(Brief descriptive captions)
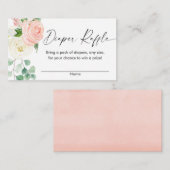 春ピンクのフローラグリーンベビーシャワーおむつラッフル エンクロージャーカード (正面/裏面)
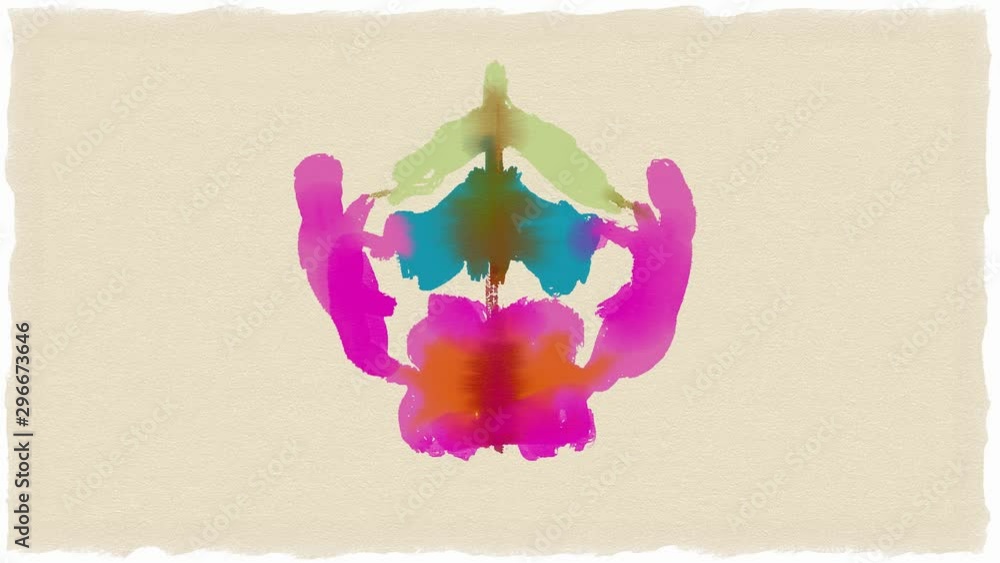 Poster rorschach test ink blob 2d animation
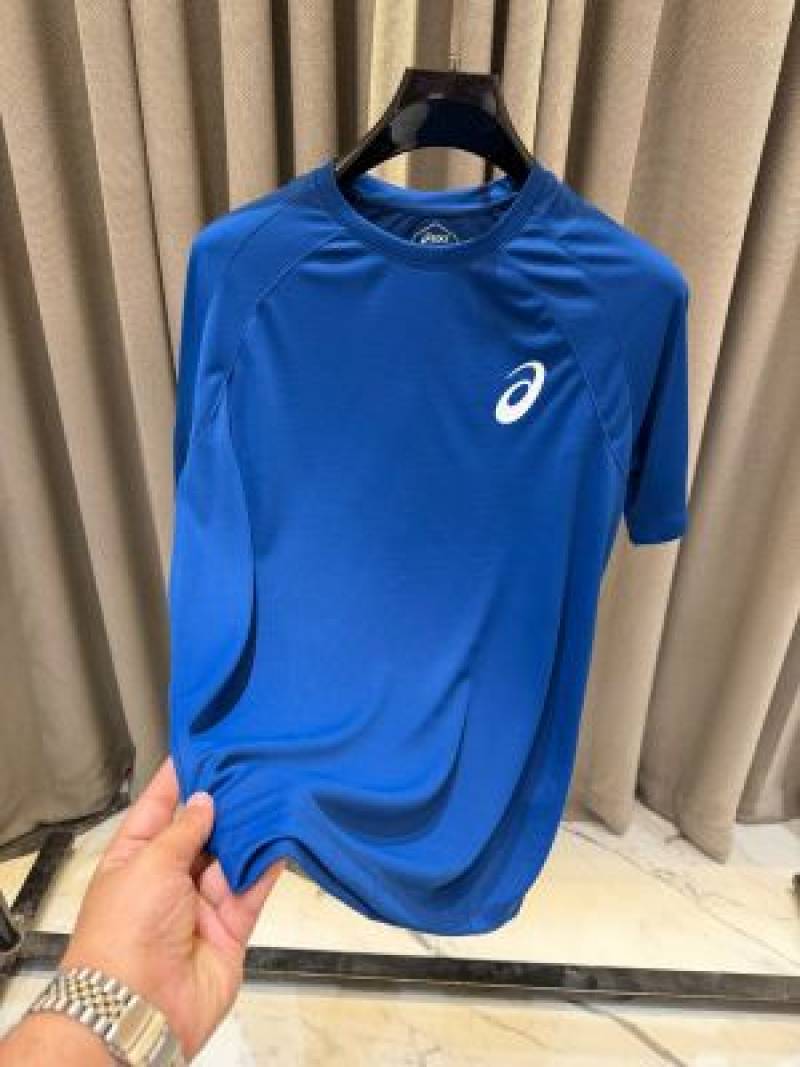 Asic Chest Logo Round Neck T-shirt Blue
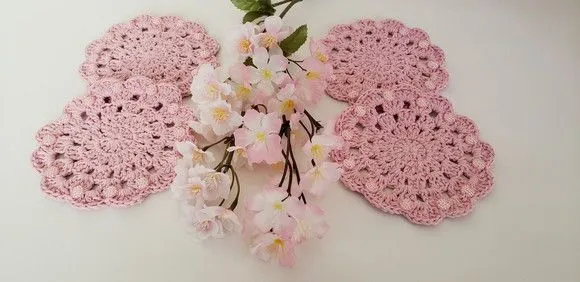 Descanso de Copos em Crochê Rosa Bebê (04 Unidades) - foto 5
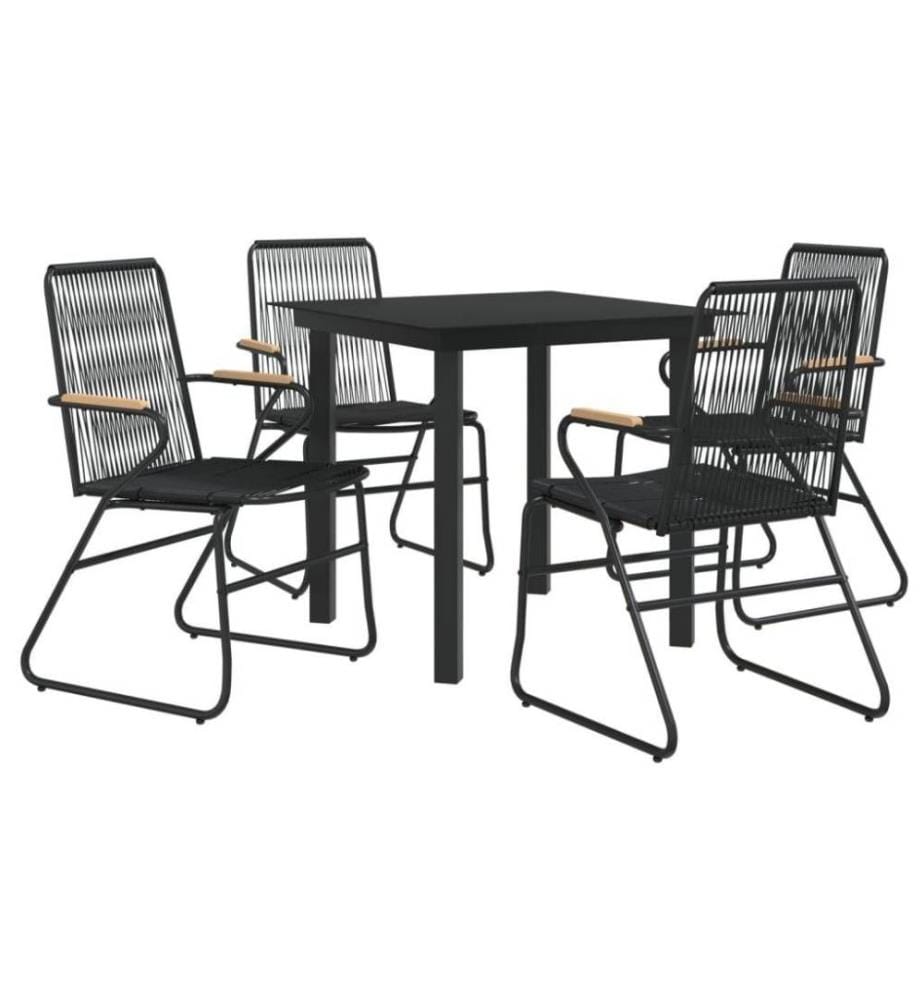 5-tlg. Garten-Essgruppe Schwarz PVC Rattan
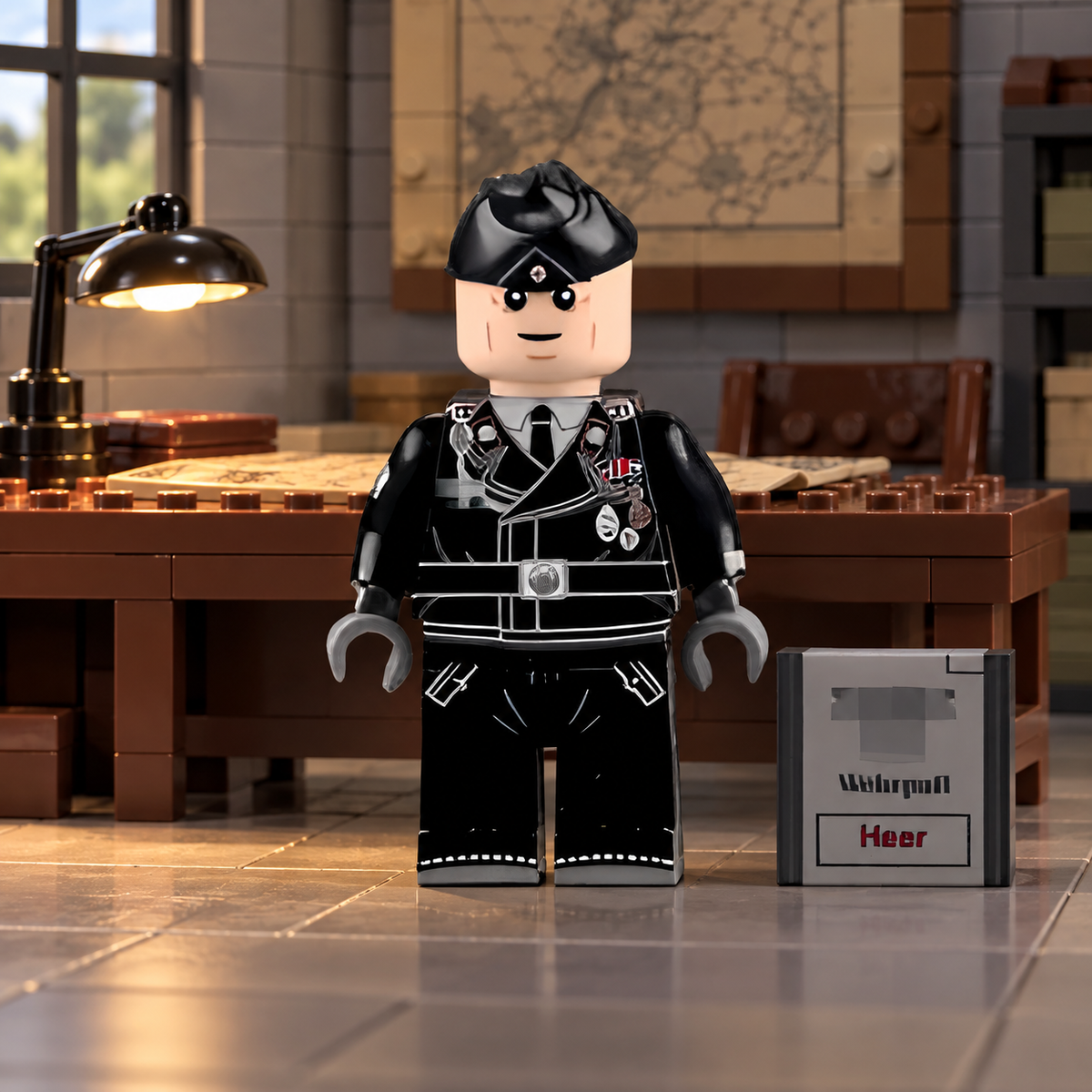 Black Uniform Historical Military Officer with Crate battle scene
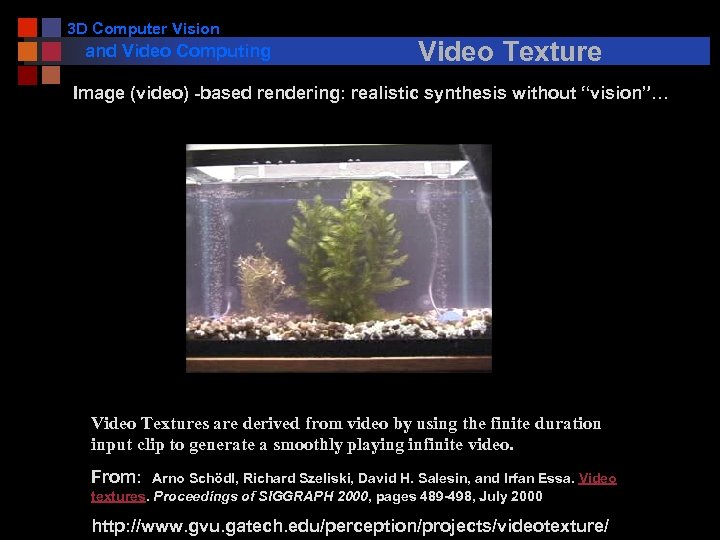 3 D Computer Vision and Video Computing Video Texture Image (video) -based rendering: realistic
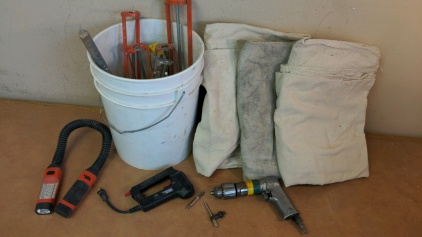 Pneumatic Drill, Electric Stake Gun, Wrap Light, Drop Cloths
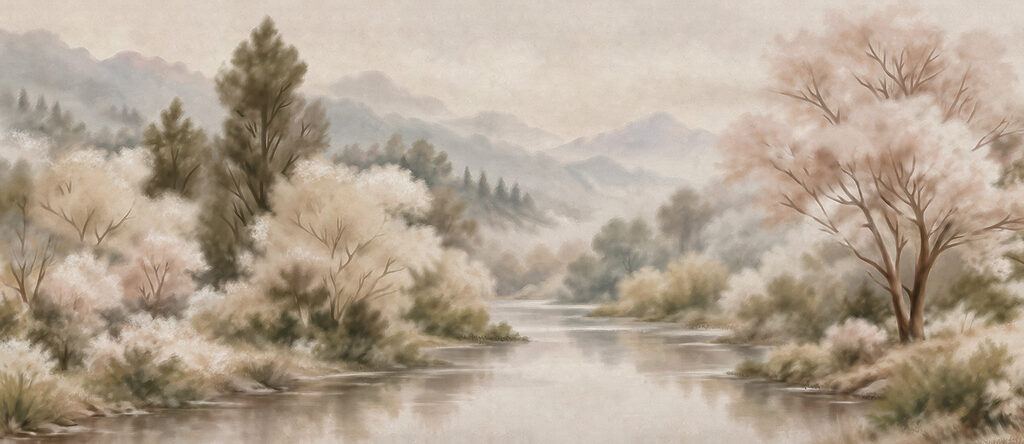 Wall mural River with trees and mountains in the background (SKU: t01130) Wall mural River with trees and mountains in the background (SKU: t01130)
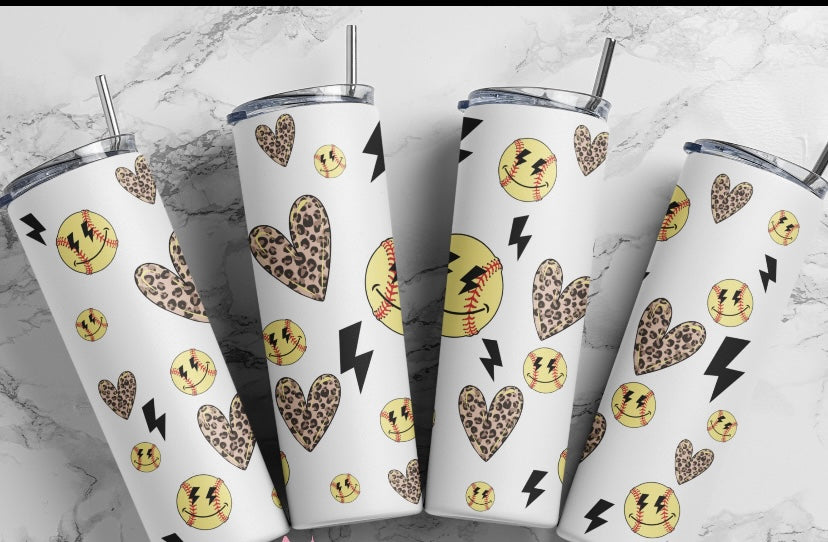 Leopard Softball smiley 20 oz tumbler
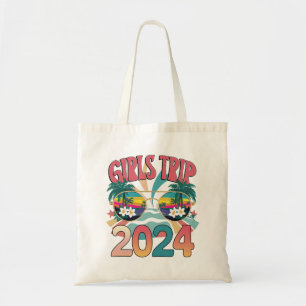 Tote Bag Voyage de filles Groovy 2024 Week-end Été Plage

*ABOUT THIS TASK*:
Across all the lines above, repeat the wording exactly and omit the pictures.

*RESPONSE TO THIS EXERCISE*:
 春ピンクのフローラグリーンベビーシャワーおむつラッフル エンクロージャーカード (正面/裏面)
 Poster rorschach test ink blob 2d animation
 Asic Chest Logo Round Neck T-shirt Blue
 Descanso de Copos em Crochê Rosa Bebê (04 Unidades) - foto 5
 5-tlg. Garten-Essgruppe Schwarz PVC Rattan
 Black Uniform Historical Military Officer with Crate battle scene
 3 D Computer Vision and Video Computing Video Texture Image (video) -based rendering: realistic
 Pneumatic Drill, Electric Stake Gun, Wrap Light, Drop Cloths
 Wall mural River with trees and mountains in the background (SKU: t01130) Wall mural River with trees and mountains in the background (SKU: t01130)
 Leopard Softball smiley 20 oz tumbler
 Tote Bag Voyage de filles Groovy 2024 Week-end Été Plage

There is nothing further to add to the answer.